À l’image de la structure actuelle créée en 2010 à Etiolles, au sein même de la maison du couple Bruzzi, la nouvelle structure s’adressera donc aux jeunes enfants autistes âgés de 6 à 14 ans, ne bénéficiant d’aucune prise en charge. Avec l’objectif de proposer un accompagnement de 30h par semaine, école comprise, pour favoriser l’inclusion sociale, notamment en laissant les enfants dans leur quartier pour l’école et les activités extra-scolaires. « Des gens se sont engagés sur le projet et son aspect novateur car ils ont vu que ça marchait, poursuit le président d’Ecolalies. Depuis 2010, nous avons accueilli chez nous six enfants, et ce, sans financement public, sur nos propres deniers. Ce qui nous fait tenir, c’est que notre travail porte ses fruits. Il faut continuer !  »

« Je suis totalement déterminé, j’irai jusqu’au bout »

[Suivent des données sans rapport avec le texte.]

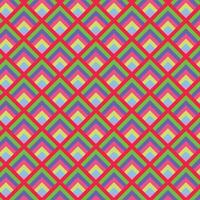 Argyle Style Rainbow Diamond Pattern Background vector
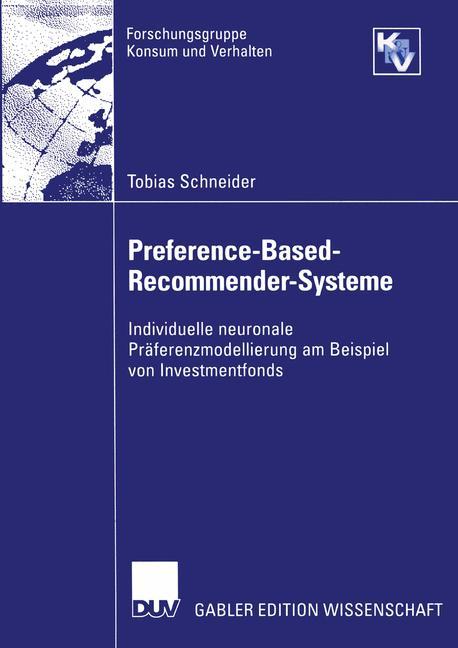 Vorderes Coverbild Preference-Based-Recommender-Systeme
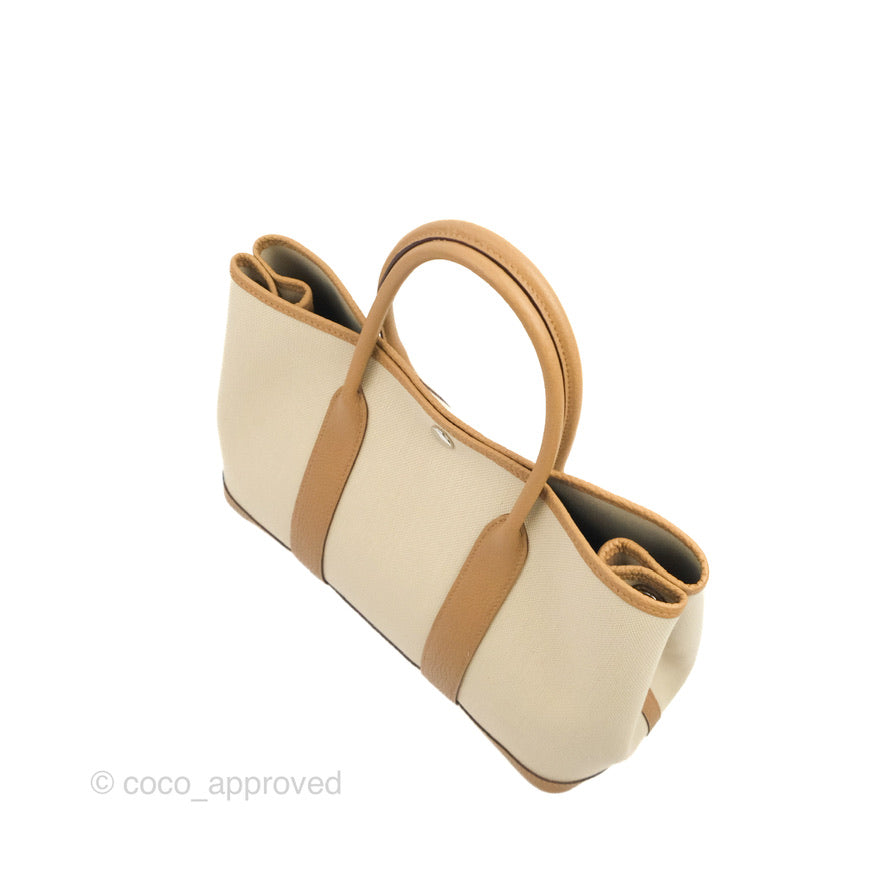 Hermès Garden Party 30 Beton 8L Biscuit 48 Canvas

Plusieurs élus locaux essonniens ont affirmé ou réaffirmé leur soutien à Stéphane Bruzzi. Parmi eux Damien Allouch (PS), conseiller départemental du canton d’Epinay-sous-Sénart, Thierry Mandon (PS), secrétaire d’État chargé de l’Enseignement supérieur et de la Recherche, Stéphane Raffalli (PS), conseiller départemental et maire de Ris-Orangis ou encore Romain Colas (PS). Ce dernier, député de la 9e circonscription de l’Essonne sur laquelle se trouve la commune d’Etiolles, a toujours soutenu le projet : « Monsieur Bruzzi m’a remis le dossier, il proteste contre la longueur des procédures et leur complexité alors même que lui et sa femme ont fait des sacrifices en prenant sur leur temps et leur argent pour faire le boulot qui n’est pas assumé par la puissance publique, remarque-t-il. Il lance un appel au secours à un moment où la machine administrative nuit à des initiatives qui sont bénéfiques. Je vais me tourner vers le ministère de la Santé et l’ARS pour tacher de raccourcir les délais  ».

Du côté de l’ARS, on réaffirme le souhait « d’autoriser la structure ‘La maison Ecolalies’  » : « Nous en avons d’ailleurs informé par écrit les porteurs du projet : l’association Ecolalies et le GAPAS, précise l’agence. Des crédits sont réservés pour celui-ci  ». Tout en rappelant qu’il manque des pièces au dossier : « A ce jour, les éléments transmis, demandés dès le mois d’avril 2016 et encore récemment au mois de mars 2017, sont insuffisants pour permettre à l’ARS de délivrer une autorisation, appuie-t-elle. Des précisions essentielles à la prise en charge effective des enfants sont notamment attendues sur les locaux, l’organisation des transports et le budget  ».

En attendant, Stéphane Bruzzi assure qu’il ne lâchera rien. Après les élus, il a également reçu le soutien de l’association Autisme France et été contacté par le délégué en charge des questions du handicap au sein du mouvement En Marche ! présidé par Emmanuel Macron : « Je suis totalement déterminé, j’irai jusqu’au bout, conclut-il. Et si je dois me faire hospitaliser, ma femme et les membres de l’association prendront le relais  ».

Autisme : la prise en charge, un véritable parcours du combattant

Note de la rédaction : Après avoir obtenu gain de cause auprès de l’ARS, Stéphane Bruzzi a cessé sa grève de la faim le 6 mai dernier. La Maison Ecolalies ouvrira en septembre 2017 à Ris-Orangis.